Back-to-work lawyers "enable firms and GCs to outsource onshore"

Mahy: something that somebody should have thought of before

Using ex-City lawyer parents looking to return to practice is a way for in-house lawyers and law firms to onshore services that many people are saying should be offshored, a former FTSE 100 general counsel said this week.

Helen Mahy is to chair Obelisk, the innovative legal outsourcing business that uses former City solicitors, mainly women returning to work after having children, to provide temporary support to law firms and in-house teams when they need help dealing with work overflow at junior/legal support level.

Ms Mahy, an employed barrister who is currently group company secretary of National Grid plc and was its company secretary and general counsel from 2003 until last month, takes up the appointment from 1 February 2013.

Ms Mahy is executive sponsor of inclusion and diversity at National Grid.

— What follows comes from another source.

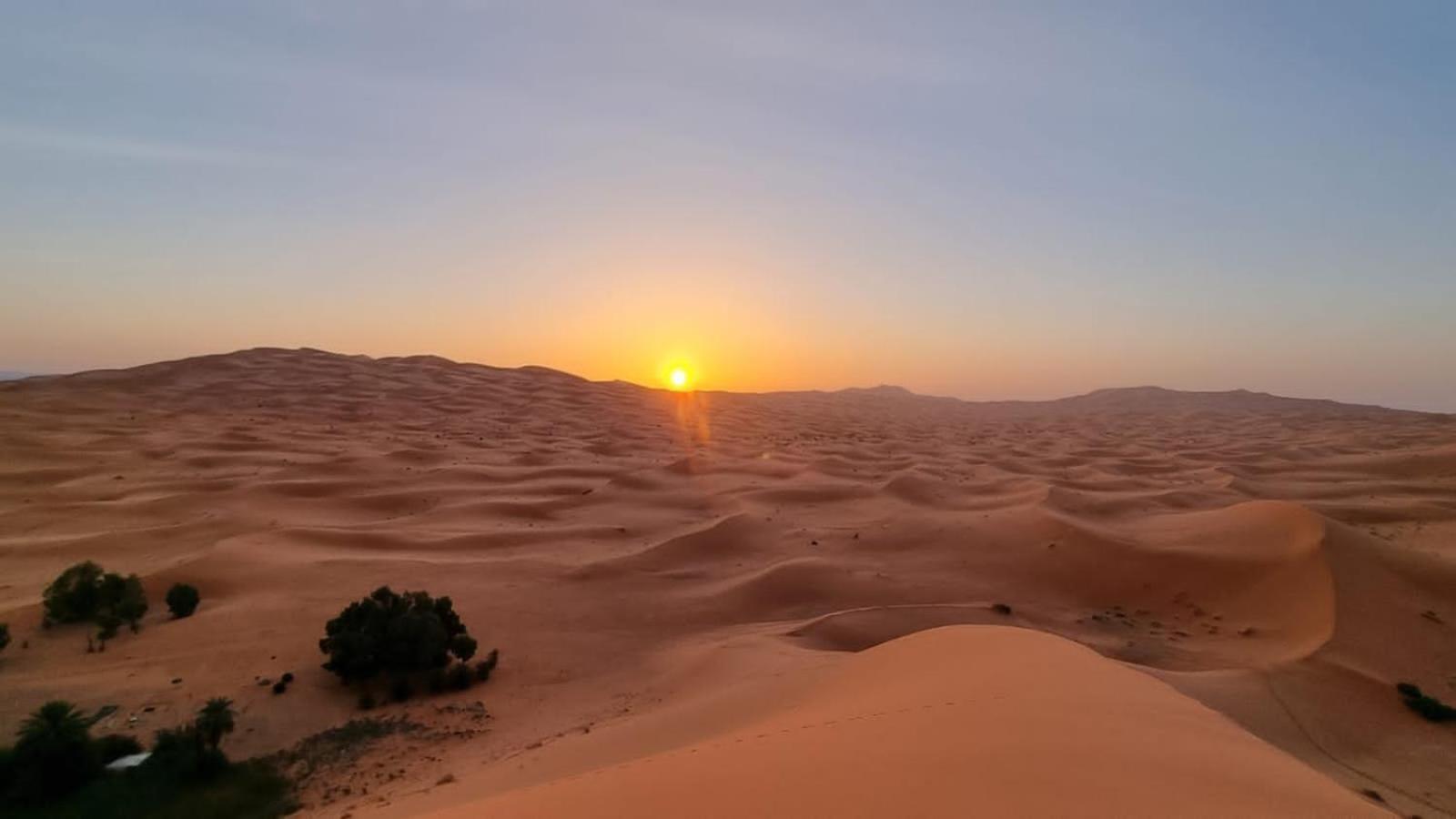 Готель Gambi Camp Adrouine Екстер'єр фото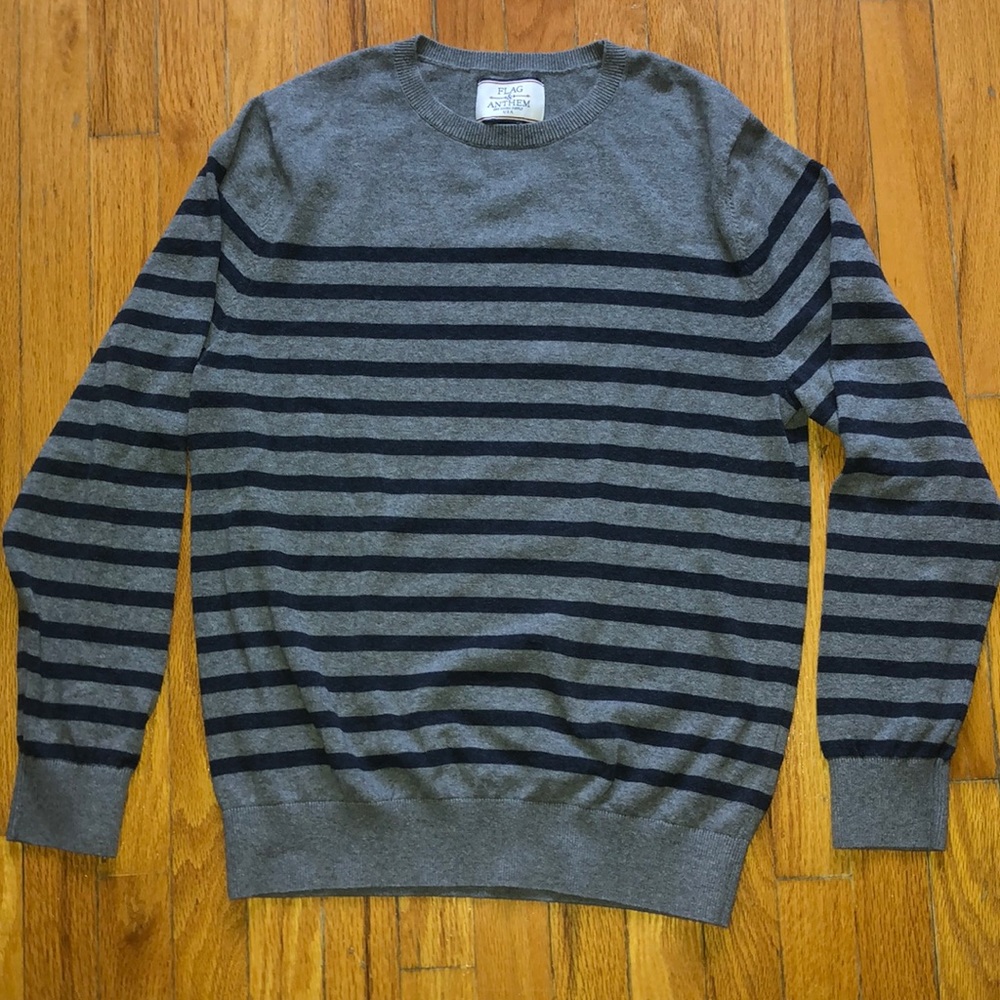 Flag & Anthem men’s sweater. Gray striped. Excellent condition. Size M.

Speaking to Legal Futures she said she was “singing from the same hymn sheet” as Obelisk regarding its philosophy of assisting women to re-enter the workplace.

Obelisk, founded in 2010 and which announced ambitious expansion plans in March, now has more than 100 ex-City lawyers with more than five years’ PQE on its books.

She described the Obelisk model as “onshoring services that in fact a lot of people are saying should be offshored… actually they’re using a resource that is here in the UK that isn’t being used… It seems to be something that somebody should have thought of before.

“We’ve got these women… who essentially have decided to give up their legal careers for family reasons and find it very hard to get back into the traditional law firm structure. [They] are a huge untapped pool of talent which Obelisk is getting back into work and working around their own needs and requirements. It seems to be the ultimate in flexible working – which I’m passionate about.”

Obelisk chief executive Dana Denis-Smith, who previously practised at Linklaters, said: “Helen brings us the experience of a stellar legal career as well as a shared passion for the role that diversity can play in the growth of any business.”

Ms Mahy said Obelisk’s approach was “equally fit” for both general counsel and law firm clients, in particular as a “cost-effective and good way of outsourcing” high-volume work. Flexible working was compatible with all but the most senior level roles in-house or in a law firm, she argued.

The model worked even with major project work such as a rights issues or mergers and acquisitions, she continued: “A lot of it can be done from home now… so I think it’s actually a very good resource for big transactions. It’s not designed to cover everything but for specific areas where you need… good-quality but relatively routine legal advice I think it’s absolutely made for that. It can be of great assistance to law firms and in-house teams to give them a back-up resource at a reasonable price.”

Ms Mahy is a non-executive director of Stagecoach Group plc, where she chairs the health, safety and environment committee, and an advisory board member of the diversity campaign Opportunity Now. She is also an associate of the Chartered Insurance Institute, an accredited performance coach, and a published children’s author.

She also becomes chair of Obelisk’s advisory board. The other members are Professor Stephen Mayson; former Linklaters partner Nick Eastwell, now the Solicitors Regulation Authority’s chief adviser on City law firms; Peter Ling, former general counsel for Asia/Pacific at BP; and Jeremy Glover, a partner at US/UK law firm Reed Smith.